> **Raw data**
• • • • •

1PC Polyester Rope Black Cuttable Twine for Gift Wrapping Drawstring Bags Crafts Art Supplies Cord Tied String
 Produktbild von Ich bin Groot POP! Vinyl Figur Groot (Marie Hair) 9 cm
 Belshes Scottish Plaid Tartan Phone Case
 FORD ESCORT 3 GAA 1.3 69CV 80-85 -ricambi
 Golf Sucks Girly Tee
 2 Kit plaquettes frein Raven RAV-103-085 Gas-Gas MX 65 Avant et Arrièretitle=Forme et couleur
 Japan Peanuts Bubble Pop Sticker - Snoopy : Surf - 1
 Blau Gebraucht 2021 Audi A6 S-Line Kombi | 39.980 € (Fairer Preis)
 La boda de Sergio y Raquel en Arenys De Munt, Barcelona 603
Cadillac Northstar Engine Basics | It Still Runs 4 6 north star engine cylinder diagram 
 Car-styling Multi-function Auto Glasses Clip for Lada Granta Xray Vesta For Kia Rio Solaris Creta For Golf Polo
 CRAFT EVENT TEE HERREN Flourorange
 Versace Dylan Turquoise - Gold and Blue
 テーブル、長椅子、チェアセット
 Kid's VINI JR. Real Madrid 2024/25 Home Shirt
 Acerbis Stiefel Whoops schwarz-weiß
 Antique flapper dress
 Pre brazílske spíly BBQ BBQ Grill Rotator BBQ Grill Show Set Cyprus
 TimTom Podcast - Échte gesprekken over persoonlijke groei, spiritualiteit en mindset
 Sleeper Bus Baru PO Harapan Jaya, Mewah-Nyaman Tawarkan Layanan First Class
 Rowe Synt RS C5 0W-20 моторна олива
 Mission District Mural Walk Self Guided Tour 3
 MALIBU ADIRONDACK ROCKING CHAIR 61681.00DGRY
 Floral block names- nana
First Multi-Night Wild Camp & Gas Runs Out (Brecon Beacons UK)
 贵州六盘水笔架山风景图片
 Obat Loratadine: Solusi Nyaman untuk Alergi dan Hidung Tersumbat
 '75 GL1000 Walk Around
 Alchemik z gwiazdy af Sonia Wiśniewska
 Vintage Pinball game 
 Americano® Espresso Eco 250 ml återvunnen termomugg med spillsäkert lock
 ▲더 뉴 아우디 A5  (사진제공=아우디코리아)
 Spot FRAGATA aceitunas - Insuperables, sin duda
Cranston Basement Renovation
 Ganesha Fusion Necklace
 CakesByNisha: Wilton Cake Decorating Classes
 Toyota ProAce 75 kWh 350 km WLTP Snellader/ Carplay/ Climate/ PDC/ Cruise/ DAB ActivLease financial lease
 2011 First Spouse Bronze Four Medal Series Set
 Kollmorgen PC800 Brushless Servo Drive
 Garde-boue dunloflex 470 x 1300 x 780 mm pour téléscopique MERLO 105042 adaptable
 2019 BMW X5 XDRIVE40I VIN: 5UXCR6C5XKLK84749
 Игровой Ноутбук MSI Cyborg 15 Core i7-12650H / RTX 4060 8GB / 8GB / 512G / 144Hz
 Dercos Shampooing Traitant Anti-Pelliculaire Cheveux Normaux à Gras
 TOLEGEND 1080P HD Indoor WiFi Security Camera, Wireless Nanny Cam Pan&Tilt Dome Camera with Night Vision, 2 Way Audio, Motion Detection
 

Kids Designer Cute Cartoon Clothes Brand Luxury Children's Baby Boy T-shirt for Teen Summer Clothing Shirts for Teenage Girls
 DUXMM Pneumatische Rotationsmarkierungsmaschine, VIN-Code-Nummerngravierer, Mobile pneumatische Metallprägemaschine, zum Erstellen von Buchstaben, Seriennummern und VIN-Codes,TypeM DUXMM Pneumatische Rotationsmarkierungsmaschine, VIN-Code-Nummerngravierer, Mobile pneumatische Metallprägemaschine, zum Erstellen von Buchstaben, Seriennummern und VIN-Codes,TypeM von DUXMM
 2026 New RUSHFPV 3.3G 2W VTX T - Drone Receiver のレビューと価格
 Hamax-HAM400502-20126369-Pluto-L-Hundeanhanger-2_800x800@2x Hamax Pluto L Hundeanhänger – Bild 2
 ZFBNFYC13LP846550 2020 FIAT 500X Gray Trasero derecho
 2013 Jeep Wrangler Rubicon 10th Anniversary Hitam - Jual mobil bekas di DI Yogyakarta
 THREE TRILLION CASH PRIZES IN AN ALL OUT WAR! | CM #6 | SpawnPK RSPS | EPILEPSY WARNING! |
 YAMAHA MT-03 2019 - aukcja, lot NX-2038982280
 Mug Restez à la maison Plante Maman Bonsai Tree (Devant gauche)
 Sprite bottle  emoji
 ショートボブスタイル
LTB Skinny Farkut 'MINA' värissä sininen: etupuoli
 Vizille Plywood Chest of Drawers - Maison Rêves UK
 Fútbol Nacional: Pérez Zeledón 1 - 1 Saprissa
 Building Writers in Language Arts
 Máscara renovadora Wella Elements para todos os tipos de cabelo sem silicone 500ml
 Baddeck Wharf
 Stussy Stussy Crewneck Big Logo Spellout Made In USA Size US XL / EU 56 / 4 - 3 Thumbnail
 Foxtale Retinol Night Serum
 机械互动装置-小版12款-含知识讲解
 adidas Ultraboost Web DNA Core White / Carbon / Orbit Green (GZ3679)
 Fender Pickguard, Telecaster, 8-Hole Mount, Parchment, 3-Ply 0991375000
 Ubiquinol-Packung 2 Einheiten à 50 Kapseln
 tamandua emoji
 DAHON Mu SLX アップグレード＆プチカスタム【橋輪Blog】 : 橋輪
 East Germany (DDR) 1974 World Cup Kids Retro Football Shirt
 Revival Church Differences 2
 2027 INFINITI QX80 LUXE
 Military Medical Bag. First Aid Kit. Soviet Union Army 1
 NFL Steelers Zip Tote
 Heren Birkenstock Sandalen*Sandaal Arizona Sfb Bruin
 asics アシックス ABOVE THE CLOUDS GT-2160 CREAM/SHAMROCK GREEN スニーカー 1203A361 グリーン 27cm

• • • • •

> **What you need to do**
In full and without alteration, return the listing above.

> **Result below**
1PC Polyester Rope Black Cuttable Twine for Gift Wrapping Drawstring Bags Crafts Art Supplies Cord Tied String
 Produktbild von Ich bin Groot POP! Vinyl Figur Groot (Marie Hair) 9 cm
 Belshes Scottish Plaid Tartan Phone Case
 FORD ESCORT 3 GAA 1.3 69CV 80-85 -ricambi
 Golf Sucks Girly Tee
 2 Kit plaquettes frein Raven RAV-103-085 Gas-Gas MX 65 Avant et Arrièretitle=Forme et couleur
 Japan Peanuts Bubble Pop Sticker - Snoopy : Surf - 1
 Blau Gebraucht 2021 Audi A6 S-Line Kombi | 39.980 € (Fairer Preis)
 La boda de Sergio y Raquel en Arenys De Munt, Barcelona 603
Cadillac Northstar Engine Basics | It Still Runs 4 6 north star engine cylinder diagram 
 Car-styling Multi-function Auto Glasses Clip for Lada Granta Xray Vesta For Kia Rio Solaris Creta For Golf Polo
 CRAFT EVENT TEE HERREN Flourorange
 Versace Dylan Turquoise - Gold and Blue
 テーブル、長椅子、チェアセット
 Kid's VINI JR. Real Madrid 2024/25 Home Shirt
 Acerbis Stiefel Whoops schwarz-weiß
 Antique flapper dress
 Pre brazílske spíly BBQ BBQ Grill Rotator BBQ Grill Show Set Cyprus
 TimTom Podcast - Échte gesprekken over persoonlijke groei, spiritualiteit en mindset
 Sleeper Bus Baru PO Harapan Jaya, Mewah-Nyaman Tawarkan Layanan First Class
 Rowe Synt RS C5 0W-20 моторна олива
 Mission District Mural Walk Self Guided Tour 3
 MALIBU ADIRONDACK ROCKING CHAIR 61681.00DGRY
 Floral block names- nana
First Multi-Night Wild Camp & Gas Runs Out (Brecon Beacons UK)
 贵州六盘水笔架山风景图片
 Obat Loratadine: Solusi Nyaman untuk Alergi dan Hidung Tersumbat
 '75 GL1000 Walk Around
 Alchemik z gwiazdy af Sonia Wiśniewska
 Vintage Pinball game 
 Americano® Espresso Eco 250 ml återvunnen termomugg med spillsäkert lock
 ▲더 뉴 아우디 A5  (사진제공=아우디코리아)
 Spot FRAGATA aceitunas - Insuperables, sin duda
Cranston Basement Renovation
 Ganesha Fusion Necklace
 CakesByNisha: Wilton Cake Decorating Classes
 Toyota ProAce 75 kWh 350 km WLTP Snellader/ Carplay/ Climate/ PDC/ Cruise/ DAB ActivLease financial lease
 2011 First Spouse Bronze Four Medal Series Set
 Kollmorgen PC800 Brushless Servo Drive
 Garde-boue dunloflex 470 x 1300 x 780 mm pour téléscopique MERLO 105042 adaptable
 2019 BMW X5 XDRIVE40I VIN: 5UXCR6C5XKLK84749
 Игровой Ноутбук MSI Cyborg 15 Core i7-12650H / RTX 4060 8GB / 8GB / 512G / 144Hz
 Dercos Shampooing Traitant Anti-Pelliculaire Cheveux Normaux à Gras
 TOLEGEND 1080P HD Indoor WiFi Security Camera, Wireless Nanny Cam Pan&Tilt Dome Camera with Night Vision, 2 Way Audio, Motion Detection
 

Kids Designer Cute Cartoon Clothes Brand Luxury Children's Baby Boy T-shirt for Teen Summer Clothing Shirts for Teenage Girls
 DUXMM Pneumatische Rotationsmarkierungsmaschine, VIN-Code-Nummerngravierer, Mobile pneumatische Metallprägemaschine, zum Erstellen von Buchstaben, Seriennummern und VIN-Codes,TypeM DUXMM Pneumatische Rotationsmarkierungsmaschine, VIN-Code-Nummerngravierer, Mobile pneumatische Metallprägemaschine, zum Erstellen von Buchstaben, Seriennummern und VIN-Codes,TypeM von DUXMM
 2026 New RUSHFPV 3.3G 2W VTX T - Drone Receiver のレビューと価格
 Hamax-HAM400502-20126369-Pluto-L-Hundeanhanger-2_800x800@2x Hamax Pluto L Hundeanhänger – Bild 2
 ZFBNFYC13LP846550 2020 FIAT 500X Gray Trasero derecho
 2013 Jeep Wrangler Rubicon 10th Anniversary Hitam - Jual mobil bekas di DI Yogyakarta
 THREE TRILLION CASH PRIZES IN AN ALL OUT WAR! | CM #6 | SpawnPK RSPS | EPILEPSY WARNING! |
 YAMAHA MT-03 2019 - aukcja, lot NX-2038982280
 Mug Restez à la maison Plante Maman Bonsai Tree (Devant gauche)
 Sprite bottle  emoji
 ショートボブスタイル
LTB Skinny Farkut 'MINA' värissä sininen: etupuoli
 Vizille Plywood Chest of Drawers - Maison Rêves UK
 Fútbol Nacional: Pérez Zeledón 1 - 1 Saprissa
 Building Writers in Language Arts
 Máscara renovadora Wella Elements para todos os tipos de cabelo sem silicone 500ml
 Baddeck Wharf
 Stussy Stussy Crewneck Big Logo Spellout Made In USA Size US XL / EU 56 / 4 - 3 Thumbnail
 Foxtale Retinol Night Serum
 机械互动装置-小版12款-含知识讲解
 adidas Ultraboost Web DNA Core White / Carbon / Orbit Green (GZ3679)
 Fender Pickguard, Telecaster, 8-Hole Mount, Parchment, 3-Ply 0991375000
 Ubiquinol-Packung 2 Einheiten à 50 Kapseln
 tamandua emoji
 DAHON Mu SLX アップグレード＆プチカスタム【橋輪Blog】 : 橋輪
 East Germany (DDR) 1974 World Cup Kids Retro Football Shirt
 Revival Church Differences 2
 2027 INFINITI QX80 LUXE
 Military Medical Bag. First Aid Kit. Soviet Union Army 1
 NFL Steelers Zip Tote
 Heren Birkenstock Sandalen*Sandaal Arizona Sfb Bruin
 asics アシックス ABOVE THE CLOUDS GT-2160 CREAM/SHAMROCK GREEN スニーカー 1203A361 グリーン 27cm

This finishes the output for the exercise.